Pflichtbrache soll europäische Landwirte zu ökologischerem Anbau zwingen
Die Europäische Union hatte „nicht produktive“ Felder ursprünglich ab 2023 vorgeschrieben, um Agrarbetriebe zu mehr Nachhaltigkeit zu zwingen und langfristig die Bodenfruchtbarkeit zu erhöhen. Die Pflichtbrache soll zudem Rückzugsräume für vom Aussterben bedrohte Tierarten schaffen und das Risiko einer Kontaminierung des Umlandes durch Pestizide verringern. Kleinbetriebe mit insgesamt maximal 10 Hektar bewirtschafteter Ackerfläche sind nicht betroffen, ebenso Landwirte mit mindestens drei Viertel Grünflächen im aktiven Besitz.
Die hohen Getreidepreise infolge des Ukraine-Krieges veranlassten die EU dazu, das Inkrafttreten der umstrittenen Vorschrift um 12 Monate zu verschieben. Anfang 2024 sorgten dann die Proteste von Bauern und Bauernverbänden dafür, dass die EU den Mitgliedsländern eine optionale Ausnahmeregelung für ein weiteres Jahr gewährte. Von dieser machte Deutschland Gebrauch, ohne dabei, wie vorher im Landwirtschaftsministerium diskutiert, Subventionen zu kürzen und somit den Agrarunternehmen einen Anreiz zu geben, schon früher die Pflichtbrache umzusetzen.
Traditionelle Agrarwirtschaft wird zurück gedrängt
Trotz dieser Erleichterungen dürfte allein die Ankündigung der Pflichtbrache vor zwei Jahren bei vielen Ackerland-Besitzern das Fass zum Überlaufen gebracht haben. Die traditionelle Landwirtschaft steht schon seit Jahren unter Druck durch steigende Kraftstoff- und Düngemittel-Kosten, sinkende Erträge, Dürreperioden, zunehmend restriktivere Umweltschutzauflagen und den politisch forcierten Ausbau von Erneuerbaren Energien sowie Stromnetz.

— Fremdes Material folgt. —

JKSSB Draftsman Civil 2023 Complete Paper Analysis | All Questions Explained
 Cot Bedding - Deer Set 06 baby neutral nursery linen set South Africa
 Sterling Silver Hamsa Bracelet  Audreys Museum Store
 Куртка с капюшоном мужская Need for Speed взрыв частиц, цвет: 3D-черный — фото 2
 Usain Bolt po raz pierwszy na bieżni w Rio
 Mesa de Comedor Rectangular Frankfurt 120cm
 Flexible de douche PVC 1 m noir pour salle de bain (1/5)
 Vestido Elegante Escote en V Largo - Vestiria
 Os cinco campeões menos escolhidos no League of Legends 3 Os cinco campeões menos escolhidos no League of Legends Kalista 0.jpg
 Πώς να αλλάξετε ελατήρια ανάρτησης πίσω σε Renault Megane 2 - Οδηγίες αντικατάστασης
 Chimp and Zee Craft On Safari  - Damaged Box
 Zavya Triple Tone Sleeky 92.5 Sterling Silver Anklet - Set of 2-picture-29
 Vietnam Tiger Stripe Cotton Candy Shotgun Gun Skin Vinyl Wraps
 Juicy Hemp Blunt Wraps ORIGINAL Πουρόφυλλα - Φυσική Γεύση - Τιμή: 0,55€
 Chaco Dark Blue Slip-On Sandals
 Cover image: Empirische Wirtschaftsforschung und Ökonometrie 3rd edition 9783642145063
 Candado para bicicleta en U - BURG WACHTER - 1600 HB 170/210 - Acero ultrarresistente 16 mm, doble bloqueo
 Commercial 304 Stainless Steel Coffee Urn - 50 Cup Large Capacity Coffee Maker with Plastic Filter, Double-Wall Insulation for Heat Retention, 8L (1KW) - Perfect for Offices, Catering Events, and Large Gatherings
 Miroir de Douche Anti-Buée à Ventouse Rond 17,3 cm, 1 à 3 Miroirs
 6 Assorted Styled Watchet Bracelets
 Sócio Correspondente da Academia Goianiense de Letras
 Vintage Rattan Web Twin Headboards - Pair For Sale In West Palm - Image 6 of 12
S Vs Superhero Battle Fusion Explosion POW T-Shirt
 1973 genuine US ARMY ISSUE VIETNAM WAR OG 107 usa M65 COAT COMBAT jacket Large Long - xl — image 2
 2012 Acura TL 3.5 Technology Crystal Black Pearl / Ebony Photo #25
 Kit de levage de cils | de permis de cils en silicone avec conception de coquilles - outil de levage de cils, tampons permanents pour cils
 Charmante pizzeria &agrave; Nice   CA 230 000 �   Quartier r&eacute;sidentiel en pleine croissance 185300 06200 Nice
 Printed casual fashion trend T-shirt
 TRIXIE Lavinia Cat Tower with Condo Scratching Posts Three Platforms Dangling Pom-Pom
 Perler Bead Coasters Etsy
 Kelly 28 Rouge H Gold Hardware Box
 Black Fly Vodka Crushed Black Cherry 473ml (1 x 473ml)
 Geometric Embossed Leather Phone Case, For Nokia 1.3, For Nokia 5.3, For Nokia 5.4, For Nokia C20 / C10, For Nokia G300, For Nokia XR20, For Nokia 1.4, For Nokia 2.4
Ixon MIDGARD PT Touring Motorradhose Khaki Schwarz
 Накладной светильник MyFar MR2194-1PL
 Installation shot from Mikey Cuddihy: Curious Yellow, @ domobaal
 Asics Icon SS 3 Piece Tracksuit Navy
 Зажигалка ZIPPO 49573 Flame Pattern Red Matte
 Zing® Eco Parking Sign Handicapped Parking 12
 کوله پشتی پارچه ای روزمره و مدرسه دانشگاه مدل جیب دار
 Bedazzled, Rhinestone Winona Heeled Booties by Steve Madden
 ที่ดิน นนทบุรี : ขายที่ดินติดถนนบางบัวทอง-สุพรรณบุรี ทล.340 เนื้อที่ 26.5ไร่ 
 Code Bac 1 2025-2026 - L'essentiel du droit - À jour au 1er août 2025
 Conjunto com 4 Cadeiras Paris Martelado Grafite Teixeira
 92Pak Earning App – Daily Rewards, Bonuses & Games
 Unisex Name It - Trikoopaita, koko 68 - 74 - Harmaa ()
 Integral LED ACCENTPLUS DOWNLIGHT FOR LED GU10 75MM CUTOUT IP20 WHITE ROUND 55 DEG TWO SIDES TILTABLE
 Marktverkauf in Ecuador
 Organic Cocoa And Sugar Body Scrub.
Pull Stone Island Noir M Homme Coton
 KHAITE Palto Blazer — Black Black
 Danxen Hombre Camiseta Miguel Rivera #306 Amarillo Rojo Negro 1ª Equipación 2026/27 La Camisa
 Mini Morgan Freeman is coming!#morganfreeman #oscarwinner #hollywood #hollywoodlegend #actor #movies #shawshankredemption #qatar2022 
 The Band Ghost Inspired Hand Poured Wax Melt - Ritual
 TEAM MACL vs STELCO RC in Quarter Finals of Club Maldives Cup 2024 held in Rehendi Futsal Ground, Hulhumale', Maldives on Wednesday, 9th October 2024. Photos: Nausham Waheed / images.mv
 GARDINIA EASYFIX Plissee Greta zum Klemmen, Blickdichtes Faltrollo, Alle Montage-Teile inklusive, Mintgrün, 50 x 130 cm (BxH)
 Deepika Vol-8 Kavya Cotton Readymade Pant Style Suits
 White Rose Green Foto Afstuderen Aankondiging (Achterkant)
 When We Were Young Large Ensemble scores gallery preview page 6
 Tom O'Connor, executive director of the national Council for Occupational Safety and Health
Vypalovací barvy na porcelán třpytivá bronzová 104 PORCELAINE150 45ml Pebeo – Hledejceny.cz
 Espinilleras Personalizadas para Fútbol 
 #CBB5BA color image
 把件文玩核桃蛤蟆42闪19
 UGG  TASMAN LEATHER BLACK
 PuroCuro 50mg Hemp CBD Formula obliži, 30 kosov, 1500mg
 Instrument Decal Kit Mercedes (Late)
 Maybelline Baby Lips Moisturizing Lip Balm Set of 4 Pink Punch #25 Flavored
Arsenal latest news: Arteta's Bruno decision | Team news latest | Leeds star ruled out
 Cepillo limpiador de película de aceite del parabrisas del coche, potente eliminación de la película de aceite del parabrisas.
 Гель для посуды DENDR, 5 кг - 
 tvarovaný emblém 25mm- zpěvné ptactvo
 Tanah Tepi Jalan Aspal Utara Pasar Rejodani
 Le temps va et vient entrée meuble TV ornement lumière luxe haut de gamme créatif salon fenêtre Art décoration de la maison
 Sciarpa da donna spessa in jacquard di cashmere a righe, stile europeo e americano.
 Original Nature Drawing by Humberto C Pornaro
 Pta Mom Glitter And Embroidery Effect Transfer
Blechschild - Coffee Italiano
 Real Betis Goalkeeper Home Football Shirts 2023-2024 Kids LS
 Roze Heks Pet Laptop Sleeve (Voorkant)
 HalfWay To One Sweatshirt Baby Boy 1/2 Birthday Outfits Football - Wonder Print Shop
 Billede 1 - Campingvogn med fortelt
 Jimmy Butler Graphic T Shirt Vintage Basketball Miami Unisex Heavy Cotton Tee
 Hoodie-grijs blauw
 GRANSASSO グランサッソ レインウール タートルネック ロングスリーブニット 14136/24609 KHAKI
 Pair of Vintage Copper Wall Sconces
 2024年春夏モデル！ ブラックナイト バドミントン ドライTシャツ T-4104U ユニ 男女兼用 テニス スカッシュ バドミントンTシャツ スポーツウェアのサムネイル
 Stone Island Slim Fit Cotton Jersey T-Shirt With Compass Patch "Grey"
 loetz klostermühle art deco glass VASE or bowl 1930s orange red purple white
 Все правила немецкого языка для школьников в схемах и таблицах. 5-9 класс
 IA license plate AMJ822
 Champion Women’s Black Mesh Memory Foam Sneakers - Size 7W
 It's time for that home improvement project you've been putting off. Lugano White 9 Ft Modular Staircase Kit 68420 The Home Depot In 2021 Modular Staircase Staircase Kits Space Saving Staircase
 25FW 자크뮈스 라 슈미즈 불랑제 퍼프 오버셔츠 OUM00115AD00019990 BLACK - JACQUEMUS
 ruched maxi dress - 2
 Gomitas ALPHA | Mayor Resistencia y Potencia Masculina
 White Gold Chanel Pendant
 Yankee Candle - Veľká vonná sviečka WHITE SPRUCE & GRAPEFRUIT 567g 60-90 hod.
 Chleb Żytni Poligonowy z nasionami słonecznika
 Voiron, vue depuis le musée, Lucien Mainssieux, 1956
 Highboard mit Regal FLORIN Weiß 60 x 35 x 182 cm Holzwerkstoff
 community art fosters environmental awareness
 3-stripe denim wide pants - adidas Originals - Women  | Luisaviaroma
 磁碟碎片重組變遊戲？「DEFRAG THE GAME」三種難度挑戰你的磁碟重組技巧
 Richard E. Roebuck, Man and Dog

Zwar gibt es in großem Stil Agrarsubventionen aus EU-Töpfen, aber diese werden zu einem Löwenanteil pauschal nach Bodenfläche ausbezahlt und kommen somit vor allem Großbetrieben zugute. Die Agrarkonzerne können sich den nötigen Verwaltungsaufwand für Subventionen und sonstige bürokratische Auflagen leisten, während immer mehr kleinere Landwirte berichten, dass die Belegschaft mitunter über die Hälfte ihrer Arbeitszeit mit dem Ausfüllen von Formularen, aufwendigen Messungen und der Entnahme von Bodenproben verbringt.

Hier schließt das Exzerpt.